Cayman artist Luelan Bodden has aimed to spark controversy in the past with sculptures that challenge religious and cultural norms, but his latest piece is a testament to what can be made just from local material.
Last week, Mr. Bodden finished the sculpture, a crab made from local conch shells, wrapping up a project he has been working on since October.
“The process is mental for about two months, where you’re just beating your mind up to think about where to cut the shell, and doing sketches here and there,” he said. “Then one morning you say, ‘This is it,’ and you open up the shell to see what parts you can find.”
Building a sculpture out of conch shells is not an easy endeavor. Mr. Bodden said he had to use a diamond saw blade to cut the shells, whose outsides are a very hard, glassy material that is difficult to cut with precision.
“If you don’t move your fingers, it will give you a nasty chop. And I’ve gotten a few chops in my time,” said Mr. Bodden, who is a full-time electrician.
While others in the Caribbean use conch shells to make smaller figurines and other crafts, Mr.

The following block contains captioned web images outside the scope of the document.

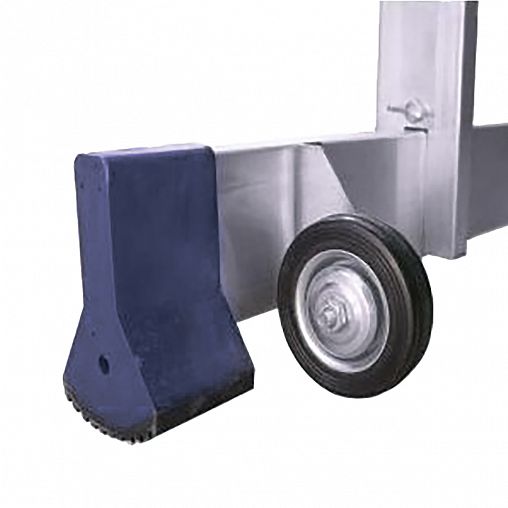 Стремянка профессиональная Alumet APE 1404, алюминиевая, 4 ступени, 2,21 м фото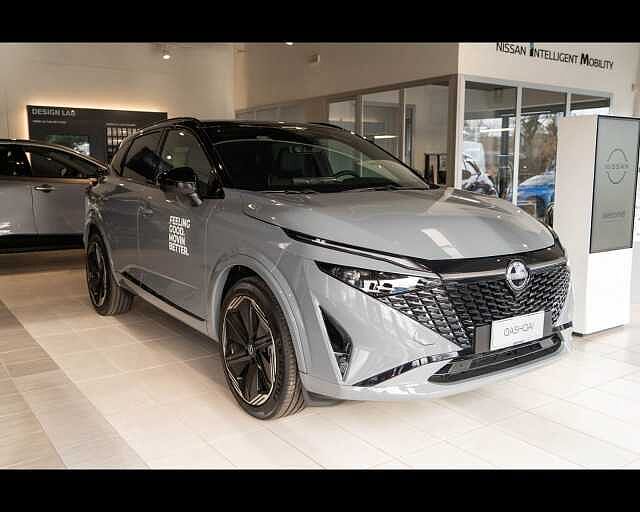 Nissan Qashqai NEW N-DESIGN MH 140CV MT 2WD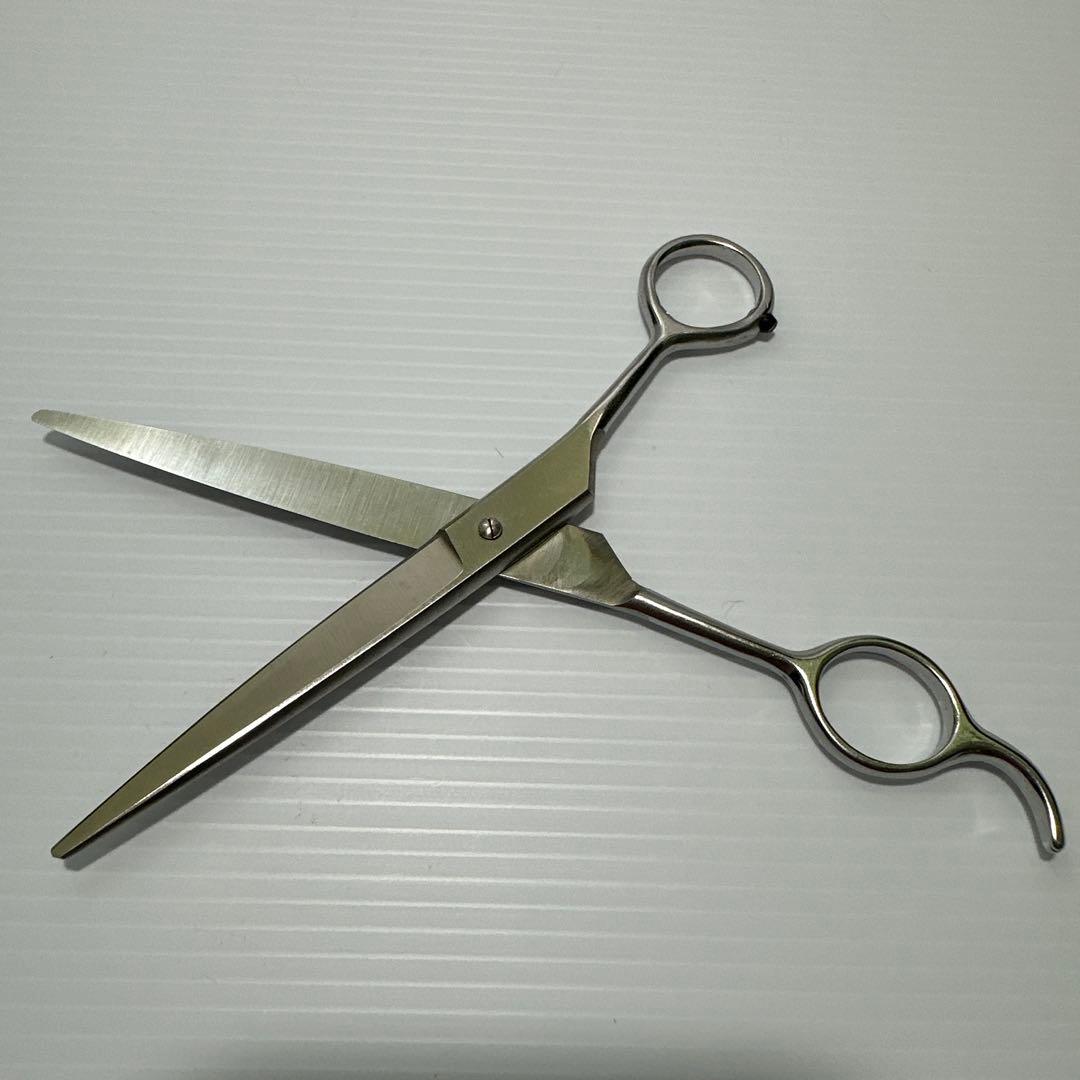 トリミングシザー ストレートシザー セニングシザー ケース付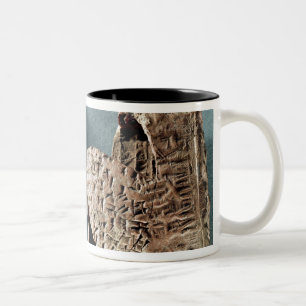 Cappadocian letter and envelope, from Turkey Two-Tone Coffee Mug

Bodden said he believes he is the only artist in the region that uses them to make detailed sculptures.
“The amount of work I did, and that I know I don’t have any competition,” is why he’s seeking to sell his conch crab for $15,000, he said.
The crab sculpture is a sharp contrast to other more provocative works in his gallery off Crewe Road, including conch shells resembling genitalia and an electric chair with a crown of thorns above it.

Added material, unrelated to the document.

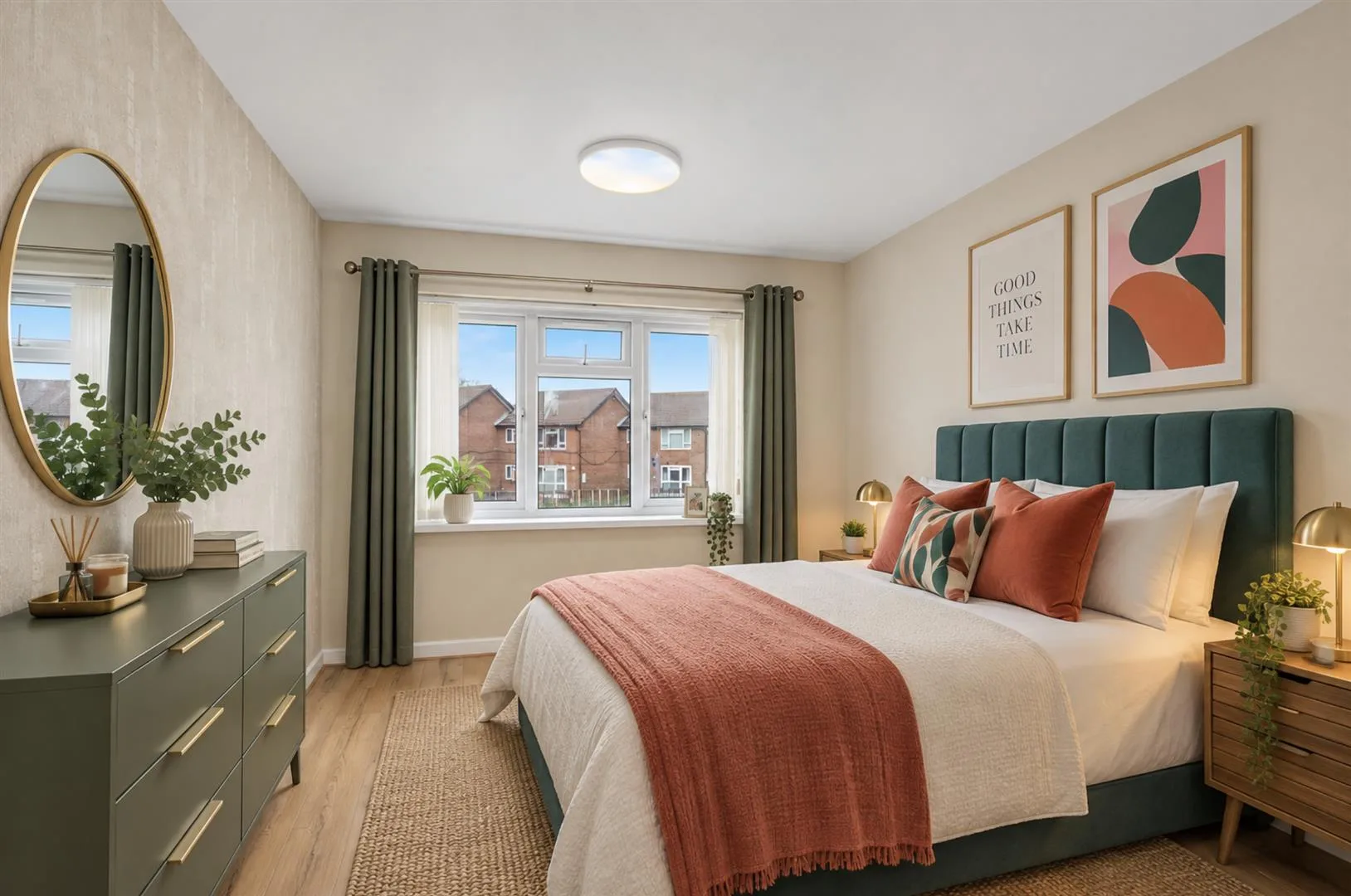 Flat Grasmere Road in Nottingham
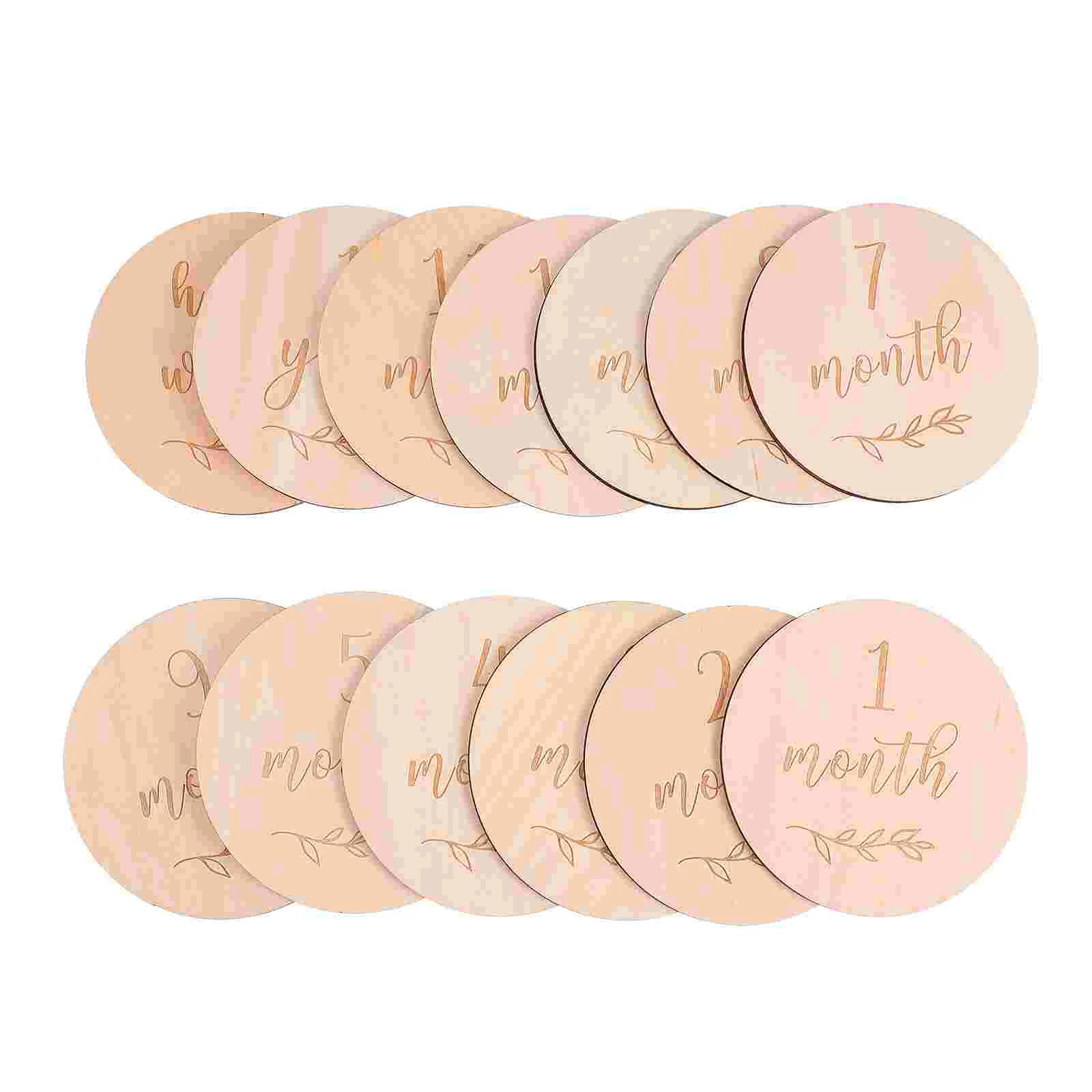Milestonebaby Monthly Wood Discs Newborn Blocks Wooden Birth Props Progress Mini Picture Prop Photography Photo Sign
Milestonebaby Monthly Wood Discs Newborn Blocks Wooden Birth Props Progress Mini Picture Prop Photography Photo Sign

One sculpture, made mainly from palm fibers, features a globe, held up by a hand which, Mr. Bodden said, is the hand of God.
A giant spider sits on the world, laying eggs and enveloping it in its web. Across the world from the spider is a serpent, symbolic of the serpent in the garden of Eden.

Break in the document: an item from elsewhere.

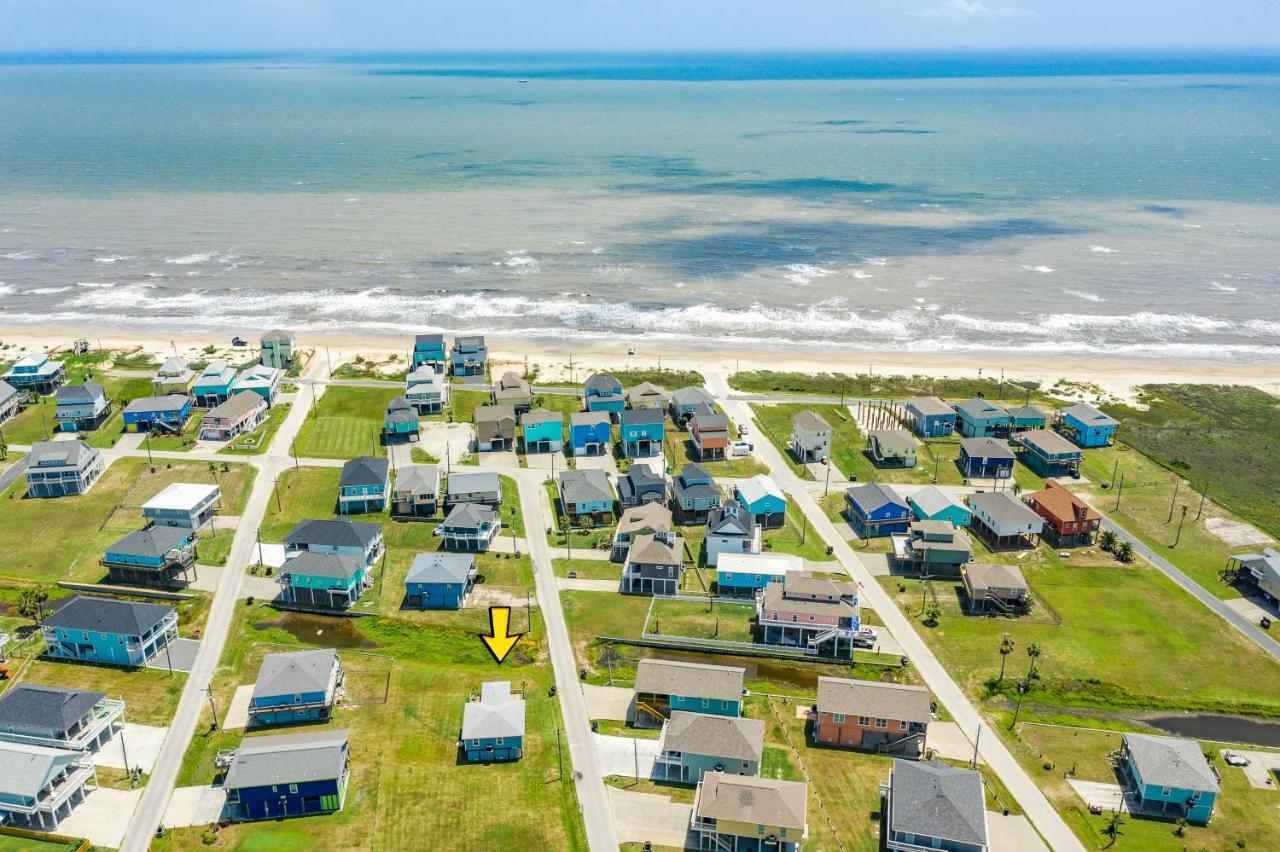 Turtle Sea-Renity Beach Cottage Crystal Beach Esterno foto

Below the world is a bowl containing capsules, a series of handwritten calculations and an excerpt from the Book of Revelations concerning the coming of the anti-Christ and the marks that people will bear on their hands or foreheads. The sculpture represents Mr. Bodden’s view of the coming of the anti-Christ.
“Older people go crazy, they don’t want to see it,” he said of some of his work.